Most egregious, however, has been the regime's willingness to use live ammunition to disperse crowds and kill protest leaders, an escalation which began only in January but which has been sustained through the spring and summer. The consensus among independent observers is that the Saudi regime has gotten progressively more repressive in the two years since the initial Arab Spring protests.
Kuwait: An Uneasy Equilibrium Unraveling
Kuwait's opposition and the corresponding regime crackdown have only recently left the relatively civil sphere of governmental turmoil, as tensions between the regime and government have largely played out in the form of parliamentary denunciations of the ruling ministers and their subsequent disbanding of parliament. However, recently this dynamic has proven too staid for the disapproving masses, who have taken to the streets in response to legislative gridlock and the empty promises of the Al-Sabah family. The most recent spate of tension began in 2006, when a youth-led movement consolidated the 25 gerrymandered voting districts determined by the regime in 1981 into 5 districts which were to more accurately reflect the will of the people.
The motion had the desired effect, as parliament became increasingly composed of representatives who vocally opposed Al-Sabah policies and ministers. According to an oftrepeated BBC tagline, Kuwait's parliament "has the most power of any elected government in the Gulf, and opposition MPs openly criticize the ruling Sabah family." This power, along with a popularly-organized demonstration held at the parliament building, was instrumental in challenging former Prime Minister Sheikh Nasser al-Mohammad al-Sabah on allegations that he bribed 15 MPs to support the regime. His resignation in November 2011 was a remarkable testament to the seriousness with which the Sabah family considers the protests.
In an effort to placate the restive masses, Emir Sabah Al-Ahmad Al-Jaber AlSabah announced a patronage program on January 18th, 2011 that awards citizens 1,000 Kuwaiti dinars and 13 months of free food staples.7 But whatever good will he may have manufactured with this offer was quickly burned away by his indelicate management of the democratic segment of the government.

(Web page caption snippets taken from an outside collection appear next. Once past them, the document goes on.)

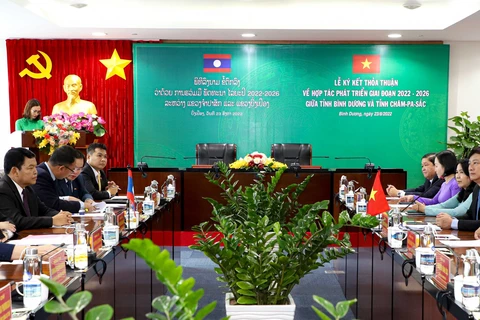 Binh Duong strengthens ties with Laos’ Champasak province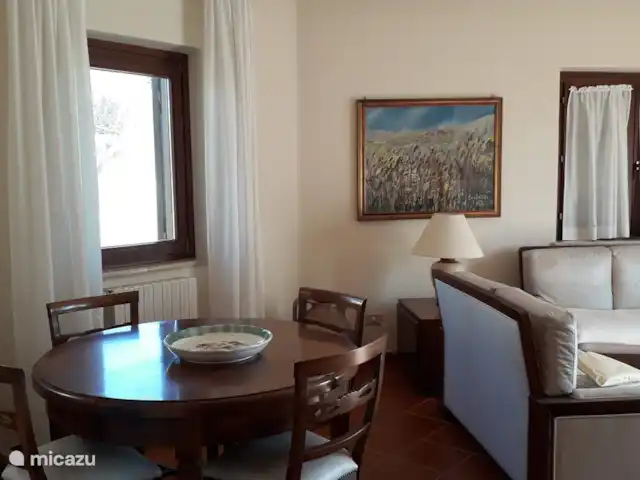 appartement huren in Italië, Lazio, Viterbo – Villa Le Tre Querce Woonkamer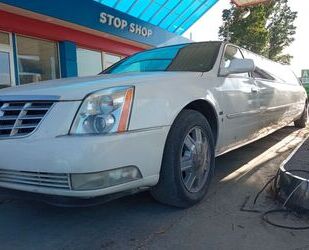 Cadillac Cadillac DTS 130-inch Stretch Limousine by Tiffany Gebrauchtwagen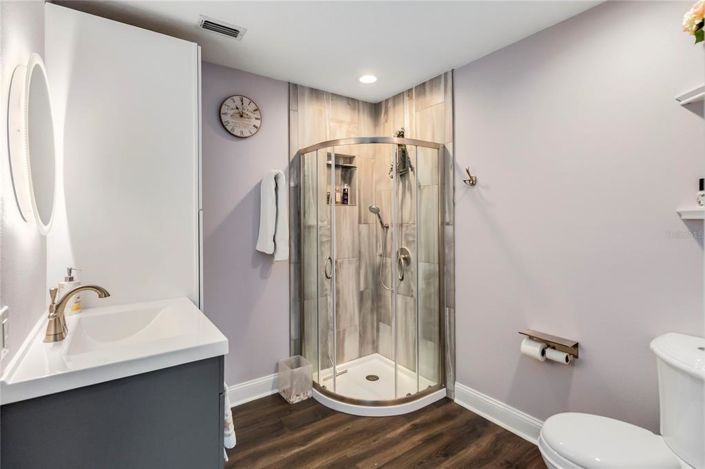 Image No.35-5 Bed Property for sale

In June, the Kuwaiti Constitutional Court ruled to annul the February parliamentary elections which had resulted in big gains for the opposition; since then, parliamentary proceedings have stalled as opposition MPs boycotted. In December, the most recent round of elections was widely boycotted by the opposition to signal the rejection of the Emir's power to unilaterally reconstitute the election system. Kuwaitis are increasingly fed up with the stunted, corrupt nature of their "democratic" system, which has been increasingly under fire for persecuting protesters based on a vague social media law.8
The United States has a vested interest in maintaining the Saudi and Kuwaiti regimes with whom they have built strong relationships based primarily on economic ties and military aid
Reuters reported on October 24th, "Kuwait saw some of the worst violence in its recent history when tens of thousands of demonstrators … protested this week at changes to elections laws they see as an attempt to limit the prospects for the opposition at the parliamentary vote." The regime's response underscored the illiberality it has been largely unsuccessful in concealing with its halfhearted appeals to representative government, banning "gatherings of more than 20 people" and "granting security forces authority to disperse any protests".9 The regression toward Saudistyle repression continued on October 30th with the arrest of opposition leader Musallam Al-Barrak on grounds of "criticizing the Emir." Protests are ongoing, and cut across the ideological spectrum from liberal reformers to Sunni and Shiite conservatives to Bedoon activists seeking political enfranchisement.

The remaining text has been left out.